Unter dem Dachbegriff FoodTech haben sich zahlreiche neue Ansätze entwickelt, um nachhaltigere und/oder gesündere Lebensmittel und Nährstoffe herzustellen. Insbesondere der Bereich „Alternative Proteine“ hat in den letzten Jahren einen enormen Sprung nach vorn gemacht. Vor ein paar Jahren waren pflanzliche Alternativen nur ein Nischenthema, also interessant eher für eine kleine Gruppe von Veganer:innen und Vegetarier:innen. Inzwischen sind sie ein Mainstream-Phänomen: 54 Prozent der Verbraucher:innen in den USA, in Großbritannien und Deutschland geben an, pflanzliches Protein schon mindestens einmal probiert zu haben; 47 Prozent konsumieren es mindestens einmal pro Woche.

Frontansicht Porträt mit drei jungen Frauen, die im Restaurant sitzen und Burger essen und mit Virtual-Reality-Brille in die Kamera schauen

Was die Umweltverträglichkeit angeht, haben pflanzliche Fleisch-, Fisch- oder Milchalternativen einen erheblichen Vorteil: Laut einem vom Good Food Institute (GFI) erstellten Vergleich

  • verbrauchen etwa pflanzliche Fleischalternativen 47 bis 99 Prozent weniger Land,
  • emittieren 30 bis 90 Prozent weniger Treibhausgase,
  • benötigen 72 bis 99 Prozent weniger Wasser und
  • verursachen 51 bis 91 Prozent weniger aquatische Nährstoffbelastung als herkömmliches Fleisch.

Außerdem benötigen pflanzenbasierte Produkte keine Antibiotika, was sie auch gesünder macht.

Es gibt aber auch Nachteile: Bei der Herstellung einiger Produkte werden in Sachen Zutaten Kompromisse eingegangen, um ein möglichst „echtes“ Geschmackserlebnis zu ermöglichen. Das wiederum führt nicht immer zu Alternativprodukten mit einem guten, also gesunden Nährwert. Insbesondere die kritisch bewertete Methylcellulose (E 461) kommt heute häufig zum Einsatz.

Fermentation scheint eine vielversprechende Technologie zu werden

Die Anzahl neuer Verfahren zur Erzeugung von alternativen Proteinprodukten ist sehr groß. Das Thema reicht weit über die Extrusion von Proteinen aus Hafer, Soja, Mandeln und Erbsen hinaus. Insbesondere die Fermentation scheint sich zu einer sehr vielversprechenden Technologie weiterzuentwickeln. Das kommt eigentlich nicht überraschend: Seit Jahrtausenden spielt sie bei Lebensmitteln und Getränken wie Joghurt, Brot, Bier und Wein eine wichtige Rolle. Nun eröffnen sich neue Perspektiven durch die Fermentation von Pilzen und Algen.
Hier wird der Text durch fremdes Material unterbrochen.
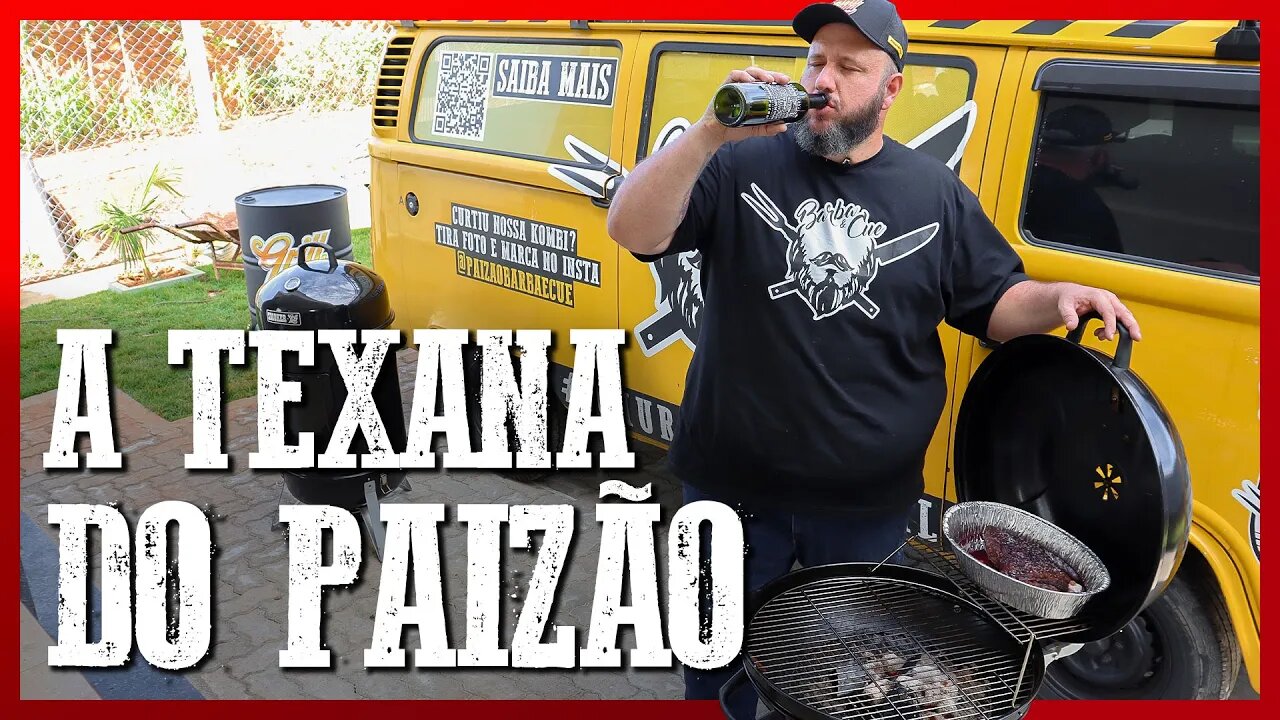 Paizão e sua nova churrasqueira, a Texana da Grill Land.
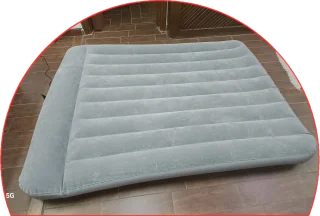 فرشة نفخ هوائية بالكهرباء صيني نخب اول مزوج شبه جديدة وبسعر المفرد 160×220 10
Insbesondere Mycelium hat enorm an Popularität gewonnen, da es sich hervorragend dazu eignet, eine große Vielfalt von Aromen, Farben und Strukturen in der Form von hochwertigen Proteinen zu erzeugen. Über die Fermentation des Myceliums kann eine breite Vielfalt von Produkten erzeugt werden, die der Kategorie der pflanzenbasierten Alternativprodukte einen weiteren Schub geben wird, da diese nicht nur deutlich gesünder, sondern noch einmal deutlich ressourcenschonender sind, da sie unter anderem erheblich weniger Wasser und Fläche benötigen.
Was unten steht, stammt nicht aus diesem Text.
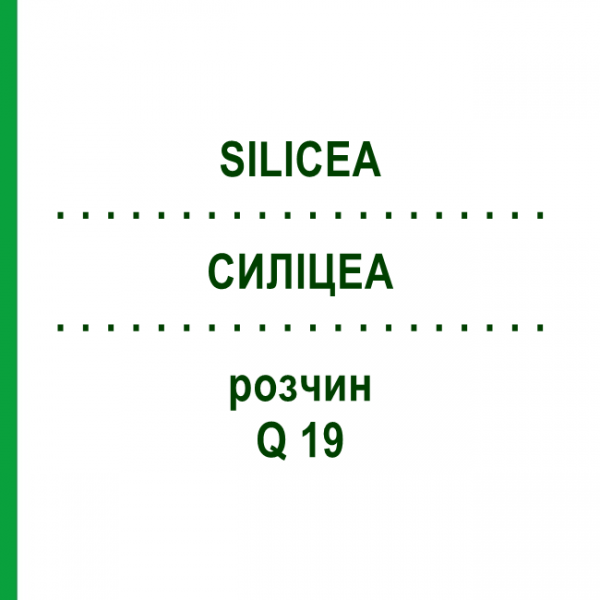 СИЛИЦЕА (SILICEA) Q 19 раствор 15 мл - Гомеопатия GUDJONS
Noch einen Schritt weiter geht die Präzisionsfermentation. Sie baut auf der gleichen Logik auf, erweitert sie jedoch um den Einsatz von Mikroorganismen. Dieser hocheffiziente Ansatz zur Erzeugung von Proteinen und anderen Nährstoffen wie Süßungsmitteln wird seit den 1980er-Jahren verwendet. Die Präzisionsfermentation verspricht, eine Vielzahl hochwertiger Proteine auf sehr umweltfreundliche Weise und zu attraktiven Kosten zu erzeugen. Das könnte zu einem wichtigen Treiber für die Verlagerung hin zu alternativen Proteinen werden. Die Produkte, die entwickelt werden, reichen von Milchprodukten, Eiscreme und fermentiertem Eiprotein bis hin zu Gelatine.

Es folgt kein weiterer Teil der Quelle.